━━ AVAILABLE DATA ━━
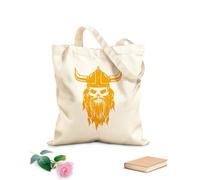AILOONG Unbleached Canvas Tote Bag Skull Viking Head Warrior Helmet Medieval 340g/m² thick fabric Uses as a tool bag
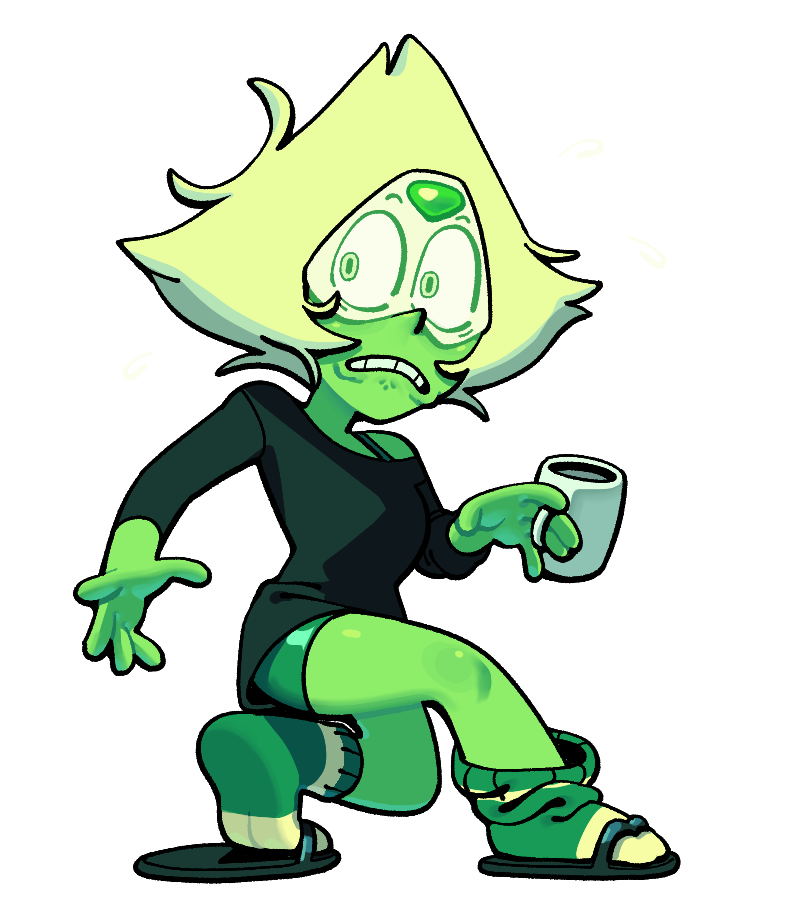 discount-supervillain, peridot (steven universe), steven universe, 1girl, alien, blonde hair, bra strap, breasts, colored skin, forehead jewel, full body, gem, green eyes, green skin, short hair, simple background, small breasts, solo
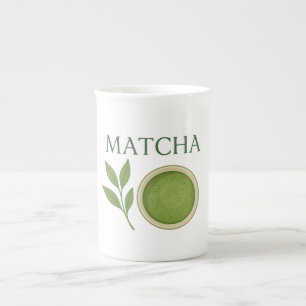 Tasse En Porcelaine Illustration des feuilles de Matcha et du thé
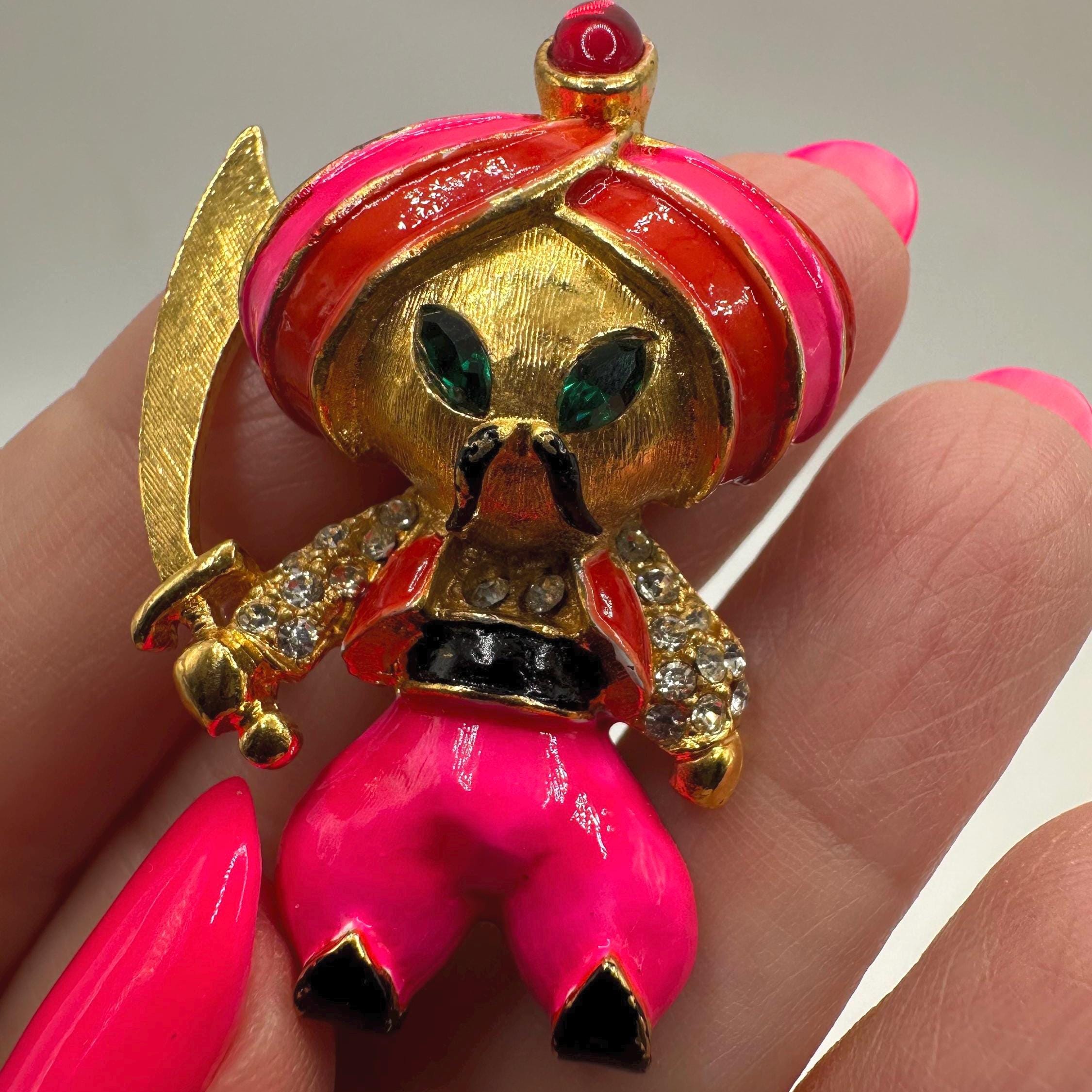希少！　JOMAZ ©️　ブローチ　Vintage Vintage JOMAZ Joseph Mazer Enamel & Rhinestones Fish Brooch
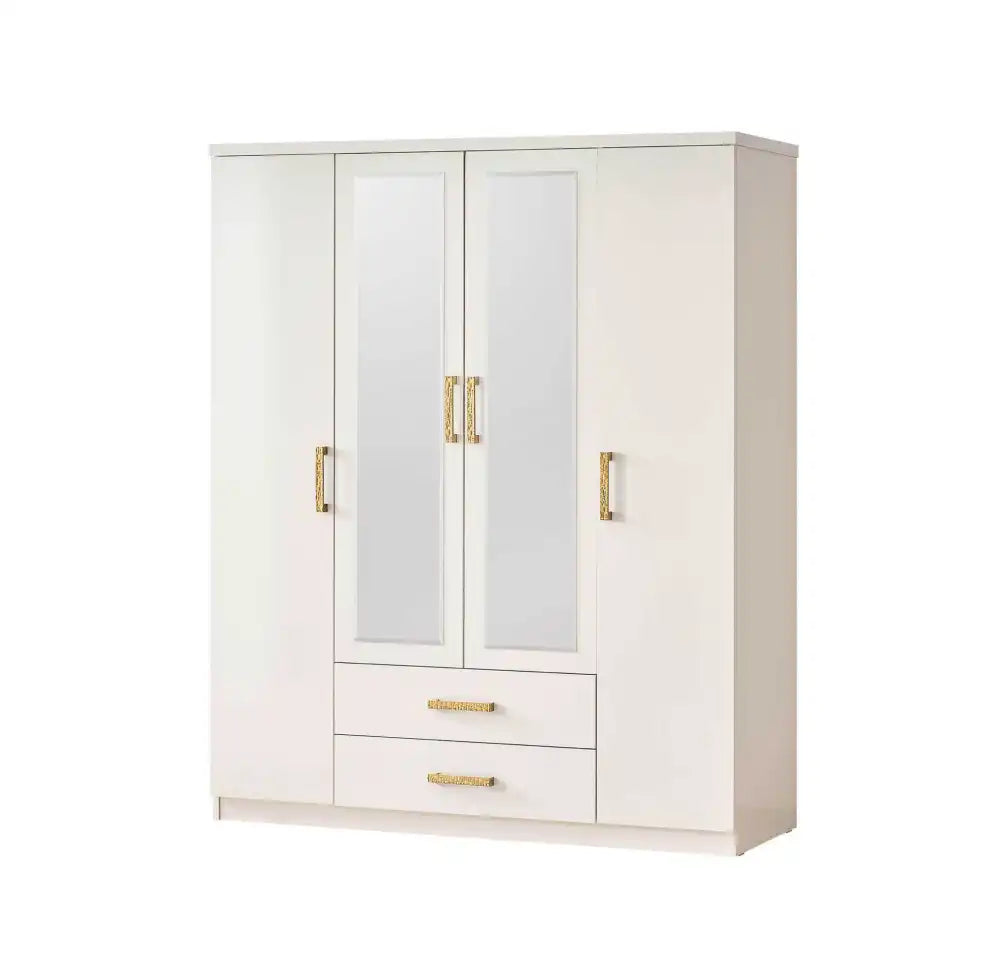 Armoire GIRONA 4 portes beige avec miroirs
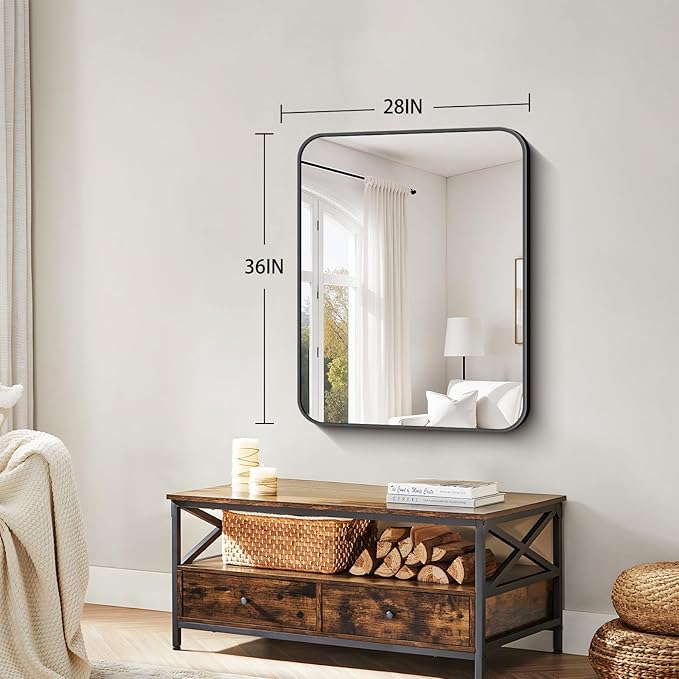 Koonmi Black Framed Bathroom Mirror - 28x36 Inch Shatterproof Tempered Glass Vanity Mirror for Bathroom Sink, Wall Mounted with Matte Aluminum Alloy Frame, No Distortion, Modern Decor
━━━
━━ AVAILABLE DATA ━━
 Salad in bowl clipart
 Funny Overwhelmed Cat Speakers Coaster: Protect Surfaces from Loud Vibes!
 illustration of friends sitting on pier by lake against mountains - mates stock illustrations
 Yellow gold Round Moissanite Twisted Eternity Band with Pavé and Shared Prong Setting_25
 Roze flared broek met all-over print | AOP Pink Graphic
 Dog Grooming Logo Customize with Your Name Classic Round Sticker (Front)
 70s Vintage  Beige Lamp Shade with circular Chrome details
━━━
━━ AVAILABLE DATA ━━
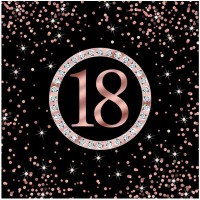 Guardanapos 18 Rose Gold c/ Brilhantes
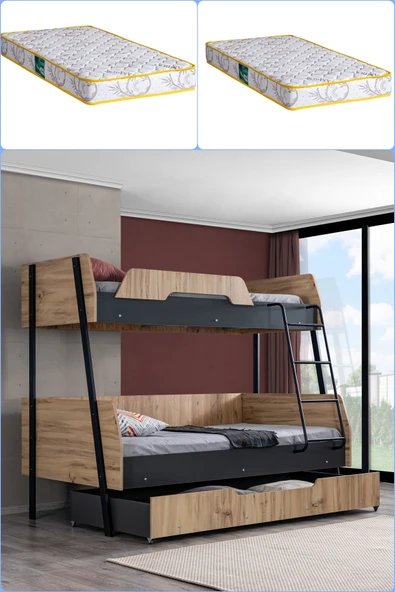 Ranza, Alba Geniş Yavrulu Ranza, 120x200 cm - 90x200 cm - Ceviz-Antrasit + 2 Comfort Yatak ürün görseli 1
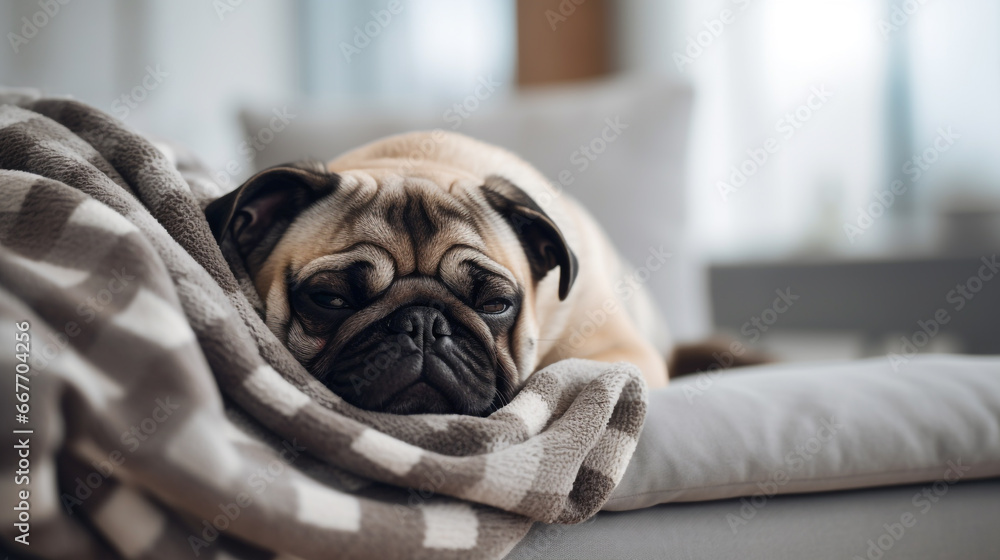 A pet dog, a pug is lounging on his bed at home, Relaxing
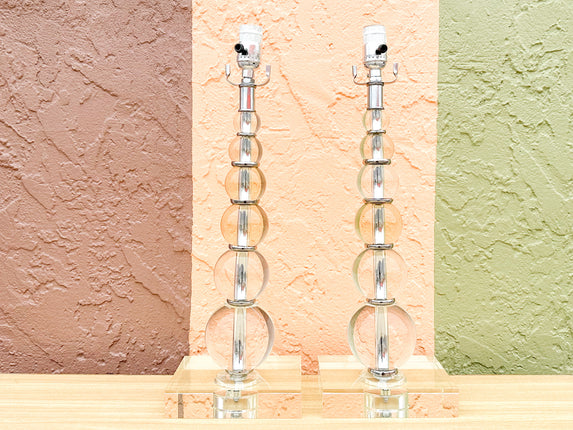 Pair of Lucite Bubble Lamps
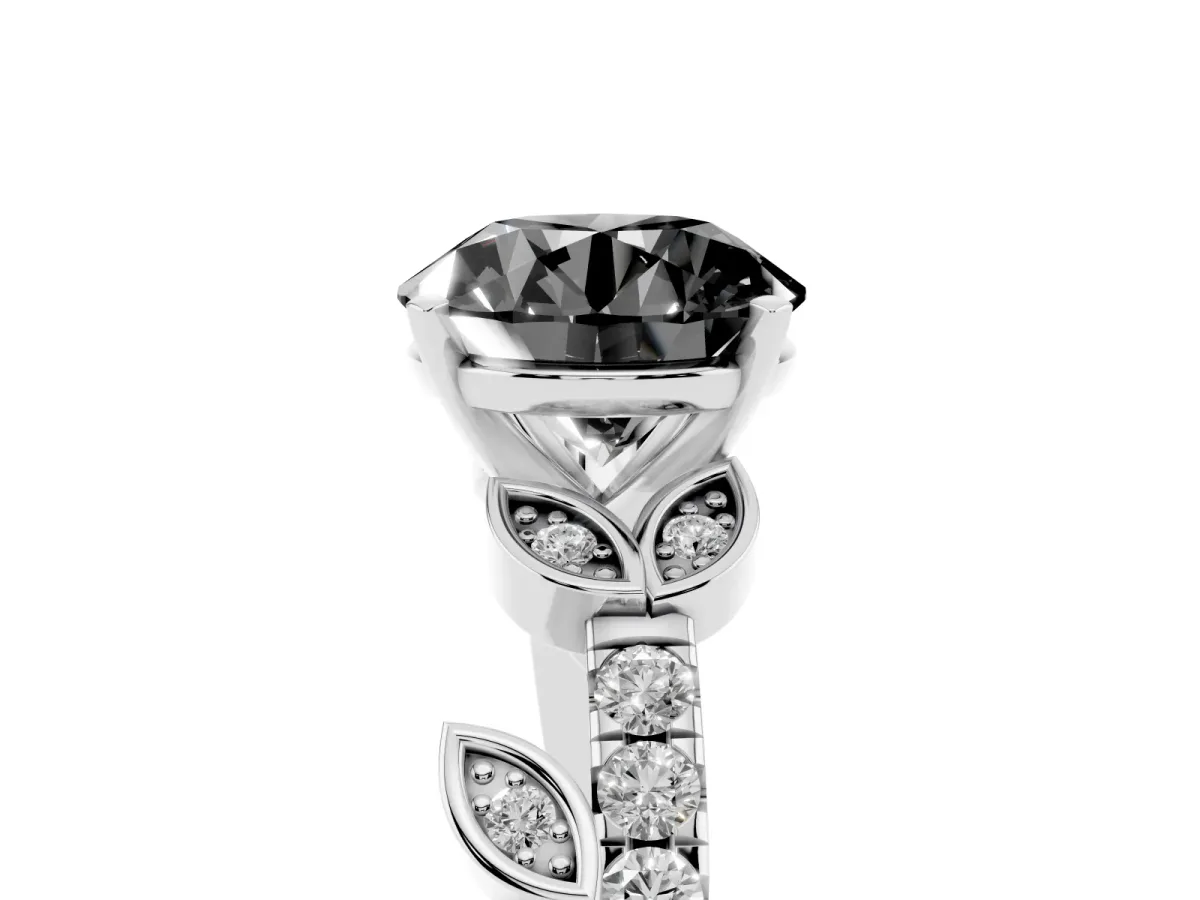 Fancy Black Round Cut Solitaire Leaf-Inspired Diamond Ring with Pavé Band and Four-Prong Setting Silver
━━━
*WORK REQUIRED*
Your answer should be the lines above from the one containing "Yellow gold Round" through the one containing "circular Chrome details", copied exactly and with both ends kept.

*RESPONSE AREA*
 Yellow gold Round Moissanite Twisted Eternity Band with Pavé and Shared Prong Setting_25
 Roze flared broek met all-over print | AOP Pink Graphic
 Dog Grooming Logo Customize with Your Name Classic Round Sticker (Front)
 70s Vintage  Beige Lamp Shade with circular Chrome details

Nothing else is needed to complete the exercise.